The processes of increased sleepiness levels during the beginning until the work time are given in [Figure 1],[Figure 2],[Figure 3]. Furthermore, the results of max average of sleepiness level within the four nights of study at 5:00 then 3:00 am (the average of sleepiness: 11:00 ≤ 1:00 ≤ 3:00 ≤ 5:00) shown in [Table 3] are in line with the results of other researches, indicating the highest sleepiness level at the hours 2:00, 4:00, and 6:00 at the night shift.[24],[25],[27],[28]

Regarding the present results, the sleepiness level has been reduced at the second night of the study compared to the first night. A similar study using KSS questionnaire conducted in Sweden reported that the sleepiness level could be significantly reduced by inducing the 20 min of bright light at night and it was adapted by a dim or bright light at the second night [24],[25],[27] and the bright light exposure resulting adaptation to shift work could considered as baseline.

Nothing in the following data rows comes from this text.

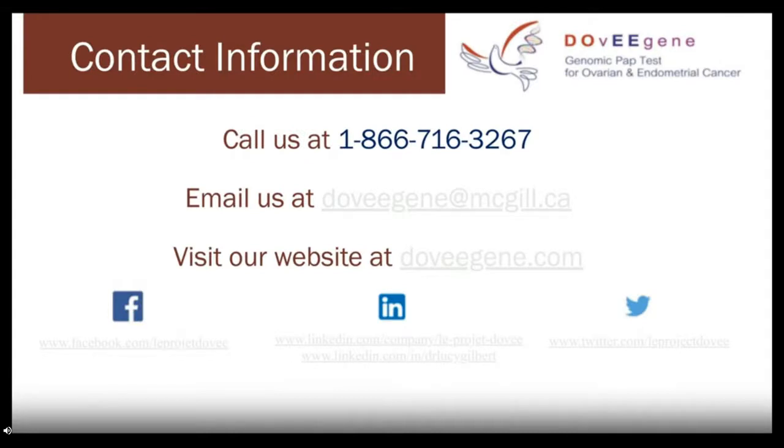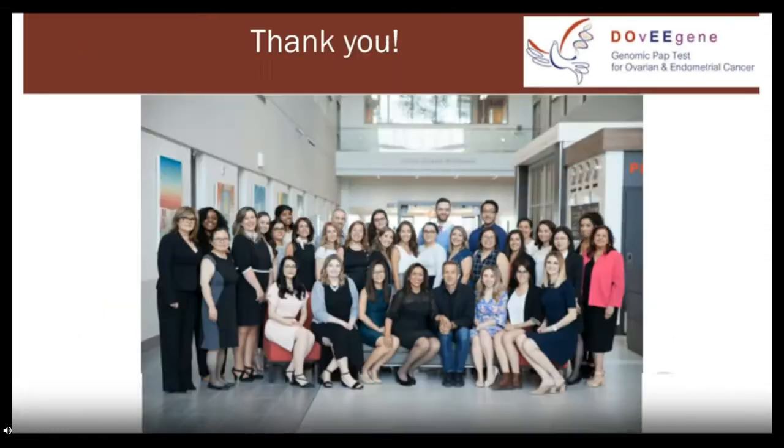We started offering the test to women two weeks ago and have already enrolled about 60 women. We expect the trial to finish quite fast. We intend to recruit at least 3,600 women between the ages of 45 and 70, and we hope to convert it from a research test to a clinical-grade test. I'll now hand over to Professor Yanis Ragussis, who will tell you more about the technological aspects of this assay.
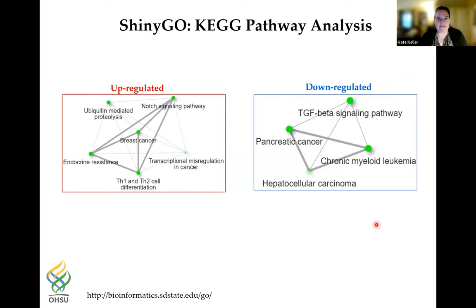Putting the IOP-related genes into bioinformatics software ShinyGO for KEGG pathway analysis, the upregulated genes included ubiquitin-mediated proteolysis and Notch signaling pathway, involved in cellular communication. The downregulated genes very interestingly pulled out the TGF-beta signaling pathway. Since TGF-beta treatment of TM cells causes more ECM production, we think this downregulation may be a protective measure — when the TM is exposed to higher pressures, it actively downregulates TGF-beta pathway genes to suppress extracellular matrix production.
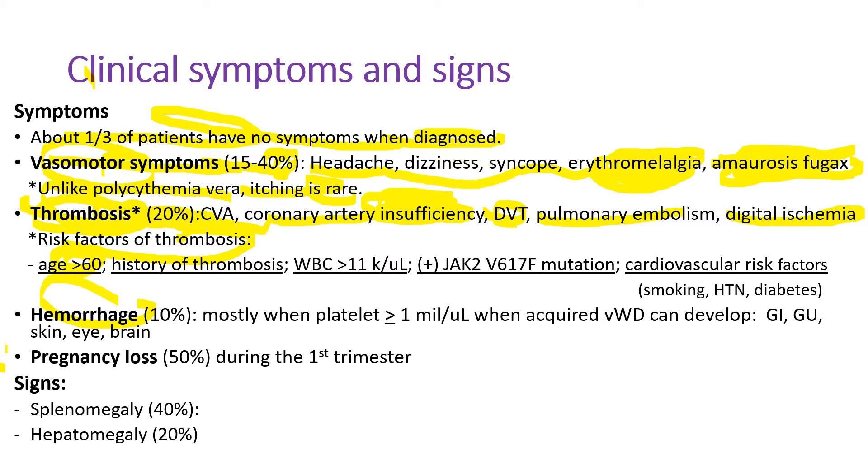Risk factors include older age over 60, history of thrombosis, increased platelet counts, positive JAK2 V617F mutation, and cardiovascular risk factors such as smoking, diabetes, hypertension, and hyperlipidemia. Hemorrhage occurs in 10% of patients, mostly when the platelet count is above 1 million, when acquired von Willebrand disease can develop.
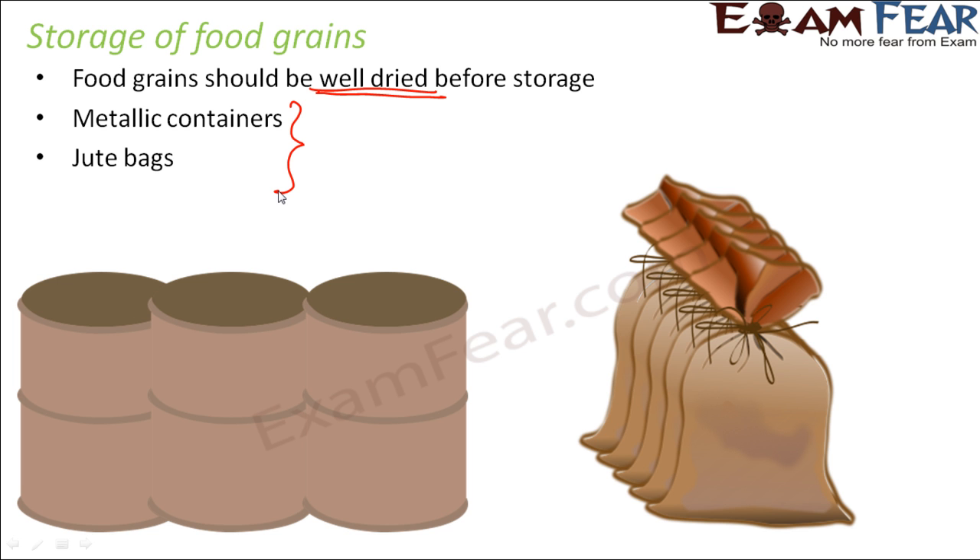Sometimes at home, neem leaves are also used to store things so that they do not get spoiled. Neem leaves have a bitter taste because of the presence of certain alkaloids, which help to repel insects and pathogens. These alkaloids do not attract insects and pathogens — they actually repel them. So insects and pathogens do not attack food items stored with neem leaves.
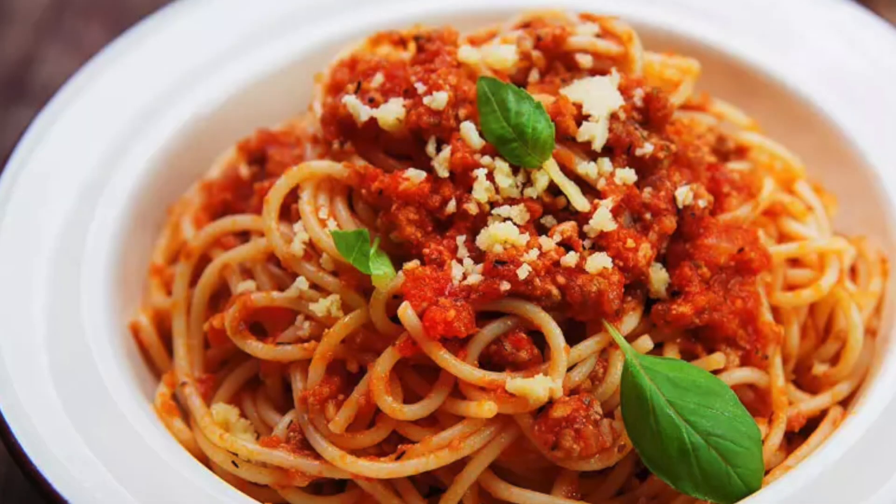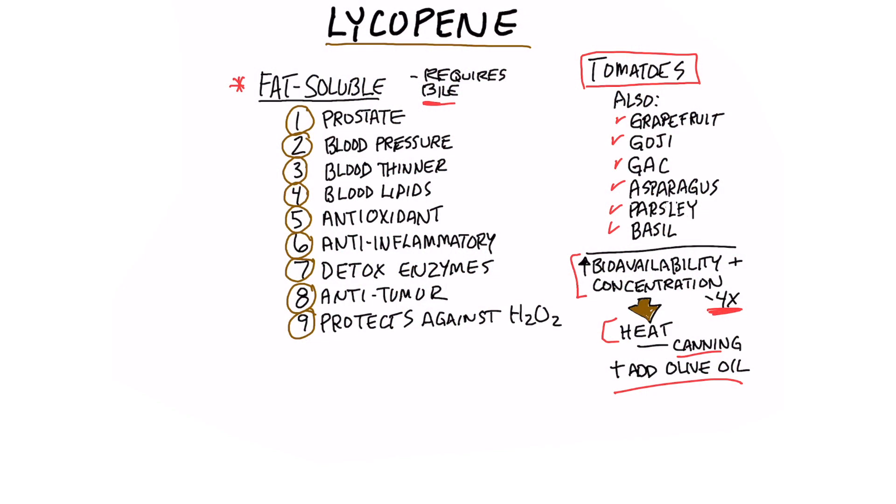Here's what lycopene is good for: an enlarged prostate. It can help support blood pressure. It can act as a blood thinner. It can help in the regulation of blood lipids like cholesterol. It's a very powerful antioxidant. It can act as an anti-inflammatory. It helps boost the detoxification enzymes of the liver. It has a certain anti-tumor property, and it protects against things like hydrogen peroxide, which creates oxidation in the body.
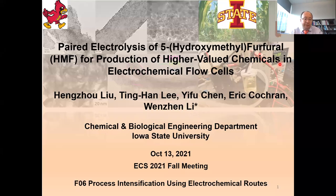Hello everyone, my name is Wen Zheng Li, Associate Professor in the Chemical Engineering Department at Iowa State. I'm very happy to be here to give my presentation on paired electrolysis of 5-hydroxymethyl furfural, HMF, for production of higher-valued chemicals, using electrochemical flow cells, in the ECS meeting F06 session on process intensification using electrochemical methods.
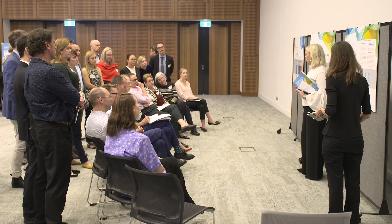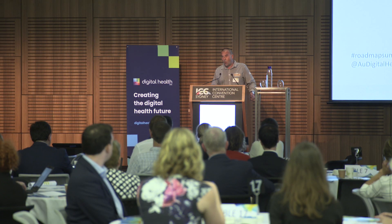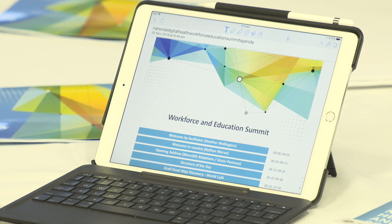We need to ensure clinicians spend maximum time with their patients and less time on the administration and architecture of healthcare solutions. It's really important that through the Australian Digital Health Agency we have a roadmap that helps us decide how we do this better across the country, and get to the point where we've got a workforce who are confidently using digital health technologies to deliver safer health and care.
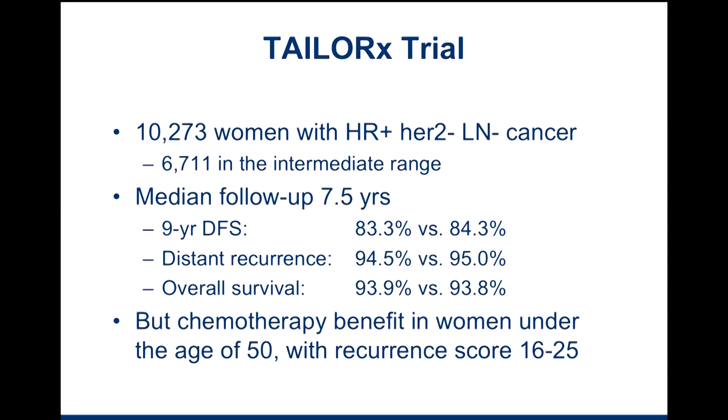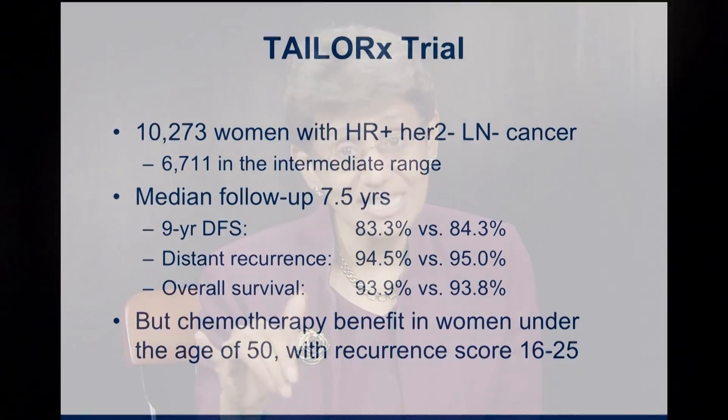This hit the media, so you may have heard headlines like 'chemotherapy no longer recommended for all women with breast cancer.' Now you know the data and the nuances. It really depends on the recurrence score and your age. If patients fall in this intermediate range and are older than 50, they have no benefit from the addition of chemotherapy. But if you have a higher recurrence score over 25, you do benefit from chemotherapy. If you're under the age of 50 and your recurrence score is 16 to 25 or higher, you still benefit from chemotherapy. But everybody with a recurrence score under 16 will benefit from endocrine therapy alone.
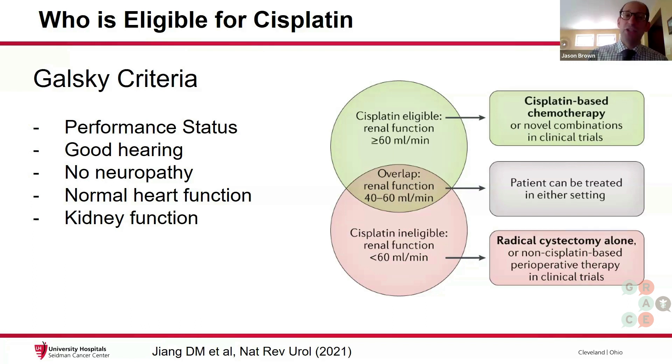And finally, patients with good kidney function, because kidney damage is a possible side effect. Typically, according to Galski criteria, we want patients with a creatinine clearance of greater than or equal to 60.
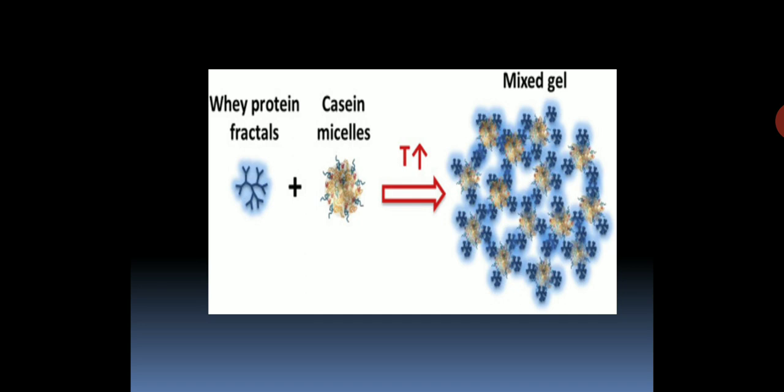A picture is provided to thoroughly understand the process: it depicts whey protein and kappa-casein micelles as they associate to form a whey-casein gel. First, on heating, whey protein denatures and the beta-lactoglobulin separates, forming a bond with the kappa-casein of the kappa-casein micelles via a disulfide bond. Both get associated, so the denatured whey protein comes and associates with the kappa-casein micelles, and with increasing temperatures it forms a gel, finally becoming the whey-casein gel.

A study on reducing sleepiness showed that experiencing bright light for five consecutive nights could increase the adaption to night shift, confirming our results.[27]


This study shows that the sleepiness level has been reduced at the second night of the study compared to the first night. The performance and safety of workplaces and employees could be improved by utilizing these findings.


The authors gratefully acknowledge the cooperation of the study participants and their managers. We thank the subject volunteers and subject involved in data collection.

Financial support and sponsorship

This study was supported by grant No 9352 in University of Social Welfare & Rehabilitation Sciences.

Conflicts of interest

There are no conflicts of interest.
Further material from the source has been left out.